Data centers are no longer just about raw compute. They’re about orchestrating power, cooling, and physical space in ways that push the limits of what’s possible—especially when AI training becomes a daily requirement. A recent deployment has taken this to an extreme: a facility designed to handle 10,000 GPUs, consuming up to 50 MW of power, and requiring cooling systems that can dissipate heat equivalent to a small city block.
This isn’t just a technical achievement; it’s a shift in how AI infrastructure is built. Traditionally, data centers were scaled incrementally, with cooling and power added as needed. But this new model treats the entire system as one integrated challenge—where every watt saved or degree Celsius reduced in temperature translates directly into cost savings for AI creators.

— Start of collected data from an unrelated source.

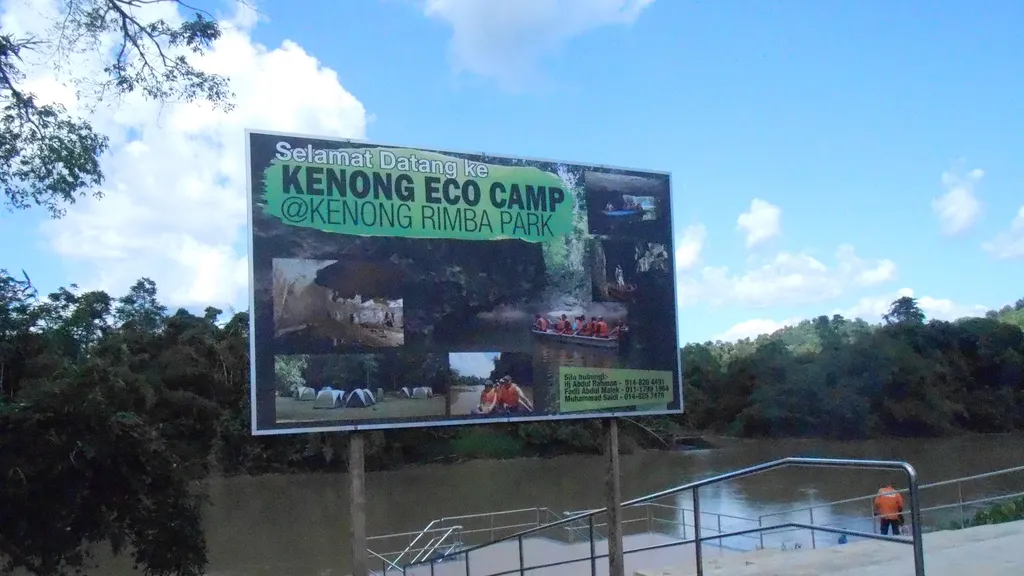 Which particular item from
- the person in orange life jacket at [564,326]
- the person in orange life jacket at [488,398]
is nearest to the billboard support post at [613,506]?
the person in orange life jacket at [564,326]

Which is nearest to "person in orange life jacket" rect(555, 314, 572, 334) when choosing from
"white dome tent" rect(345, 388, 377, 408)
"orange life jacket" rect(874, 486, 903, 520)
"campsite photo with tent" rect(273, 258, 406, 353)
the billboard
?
the billboard

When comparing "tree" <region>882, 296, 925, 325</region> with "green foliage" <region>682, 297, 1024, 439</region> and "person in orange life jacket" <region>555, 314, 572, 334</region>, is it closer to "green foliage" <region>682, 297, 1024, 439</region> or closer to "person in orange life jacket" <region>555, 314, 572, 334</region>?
"green foliage" <region>682, 297, 1024, 439</region>

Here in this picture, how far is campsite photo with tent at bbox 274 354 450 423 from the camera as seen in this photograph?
738 centimetres

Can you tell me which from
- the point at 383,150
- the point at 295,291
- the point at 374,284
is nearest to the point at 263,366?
the point at 295,291

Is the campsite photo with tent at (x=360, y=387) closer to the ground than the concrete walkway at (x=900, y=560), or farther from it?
farther from it

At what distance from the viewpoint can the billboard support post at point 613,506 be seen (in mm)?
8539

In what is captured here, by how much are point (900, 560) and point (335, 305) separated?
516cm

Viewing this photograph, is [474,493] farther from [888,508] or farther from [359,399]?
[359,399]

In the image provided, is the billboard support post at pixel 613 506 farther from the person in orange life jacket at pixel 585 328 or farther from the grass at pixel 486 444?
the grass at pixel 486 444

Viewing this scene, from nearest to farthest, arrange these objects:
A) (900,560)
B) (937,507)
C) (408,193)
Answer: (900,560), (408,193), (937,507)

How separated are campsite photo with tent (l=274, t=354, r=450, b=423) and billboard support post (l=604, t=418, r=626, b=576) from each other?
6.34 ft

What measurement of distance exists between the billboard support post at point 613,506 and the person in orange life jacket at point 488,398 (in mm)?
1383

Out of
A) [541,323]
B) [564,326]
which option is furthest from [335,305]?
[564,326]

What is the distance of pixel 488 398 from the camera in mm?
8203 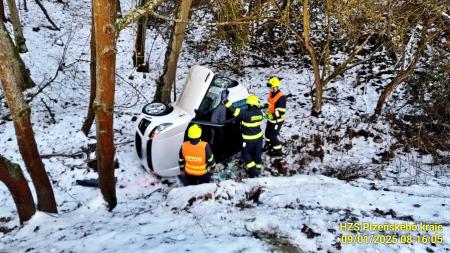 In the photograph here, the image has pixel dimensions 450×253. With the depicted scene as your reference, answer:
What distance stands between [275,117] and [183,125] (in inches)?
85.5

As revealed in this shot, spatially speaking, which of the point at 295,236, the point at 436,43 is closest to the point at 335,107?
the point at 436,43

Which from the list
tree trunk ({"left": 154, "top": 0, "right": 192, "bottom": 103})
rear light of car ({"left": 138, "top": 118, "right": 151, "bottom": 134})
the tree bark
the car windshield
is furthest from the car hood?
the tree bark

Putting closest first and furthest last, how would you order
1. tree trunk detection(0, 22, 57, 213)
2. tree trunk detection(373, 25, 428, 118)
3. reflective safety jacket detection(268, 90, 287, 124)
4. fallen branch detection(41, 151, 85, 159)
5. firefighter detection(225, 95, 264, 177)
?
1. tree trunk detection(0, 22, 57, 213)
2. firefighter detection(225, 95, 264, 177)
3. fallen branch detection(41, 151, 85, 159)
4. reflective safety jacket detection(268, 90, 287, 124)
5. tree trunk detection(373, 25, 428, 118)

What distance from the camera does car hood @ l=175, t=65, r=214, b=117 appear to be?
7619 millimetres

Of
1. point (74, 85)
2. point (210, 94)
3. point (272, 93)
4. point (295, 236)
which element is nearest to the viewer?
point (295, 236)

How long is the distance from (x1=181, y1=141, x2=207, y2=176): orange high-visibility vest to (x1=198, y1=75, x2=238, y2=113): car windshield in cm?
108

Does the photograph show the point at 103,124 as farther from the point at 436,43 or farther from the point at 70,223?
the point at 436,43

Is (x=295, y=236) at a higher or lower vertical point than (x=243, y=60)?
lower

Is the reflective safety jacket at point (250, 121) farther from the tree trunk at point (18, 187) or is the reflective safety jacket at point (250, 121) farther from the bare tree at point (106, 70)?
the tree trunk at point (18, 187)

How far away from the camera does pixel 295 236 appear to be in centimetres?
498

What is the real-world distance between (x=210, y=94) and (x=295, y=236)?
3.78 m

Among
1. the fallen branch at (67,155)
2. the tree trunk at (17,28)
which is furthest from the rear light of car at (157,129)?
the tree trunk at (17,28)

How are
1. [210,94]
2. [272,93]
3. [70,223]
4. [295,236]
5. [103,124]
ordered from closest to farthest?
[295,236], [103,124], [70,223], [210,94], [272,93]

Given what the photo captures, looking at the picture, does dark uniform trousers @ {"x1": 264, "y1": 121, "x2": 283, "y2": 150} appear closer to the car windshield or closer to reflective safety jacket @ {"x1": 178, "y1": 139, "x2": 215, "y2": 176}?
the car windshield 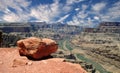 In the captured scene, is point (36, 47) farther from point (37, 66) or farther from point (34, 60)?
point (37, 66)

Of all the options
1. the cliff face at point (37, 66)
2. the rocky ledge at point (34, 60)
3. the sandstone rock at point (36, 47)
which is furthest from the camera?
the sandstone rock at point (36, 47)

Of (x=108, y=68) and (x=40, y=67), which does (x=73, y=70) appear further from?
(x=108, y=68)

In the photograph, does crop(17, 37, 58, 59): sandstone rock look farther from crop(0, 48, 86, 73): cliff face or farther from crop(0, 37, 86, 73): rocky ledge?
crop(0, 48, 86, 73): cliff face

Power and Cooling: The Invisible Constraints
The facility’s power draw is a stark reminder of the reality behind AI’s growth. A single NVIDIA H100 GPU can consume around 700 watts under full load, but when you stack that across thousands of units, the numbers become unmanageable without rethinking the entire power grid. The solution here isn’t just more generators or larger transformers; it’s a hybrid approach that combines liquid cooling, immersion cooling, and even geothermal exchange systems to keep temperatures stable while minimizing energy waste.
For AI creators, this means two things: first, the cost of electricity becomes a primary concern, not just an afterthought. Second, the physical footprint of a data center is no longer just about server racks—it’s about how much real estate you need to house cooling towers, power distribution units, and backup systems. The tradeoff is clear: efficiency gains in compute are often offset by the complexity of managing the infrastructure that supports it.
Who Benefits—and Who Should Skip?
The obvious beneficiaries are large-scale AI research labs, cloud providers, and enterprises running heavy training workloads. These organizations have the budget to justify the upfront costs of such a facility, but they also need the long-term stability that comes with a system designed for this level of scale.
For smaller creators or startups, however, this model may not be practical. The capital expenditure alone—estimates suggest tens of millions just for the initial build-out—makes it inaccessible without significant funding. Even then, the operational complexity (managing liquid cooling loops, maintaining immersion systems, and dealing with geothermal logistics) is a barrier that few can overcome.
The Reality Check: Not All Solutions Scale
Despite the advancements, there are still limitations. Immersion cooling, for example, requires custom hardware designed to operate in liquid environments, which adds compatibility challenges if you’re already invested in traditional air-cooled setups. Geothermal systems depend on local geography, meaning they won’t work everywhere. And while power efficiency has improved with newer GPU architectures, the fundamental problem remains: AI workloads are power-hungry by design.
Where Things Stand Now
The market is still figuring out how to replicate this scale without repeating the same engineering hurdles. Some providers are turning to modular data centers that can be expanded incrementally, while others are exploring alternative cooling methods like evaporative cooling or phase-change materials. For now, though, the benchmark is set: if you’re building an AI factory, you need to think in terms of entire systems—not just individual components.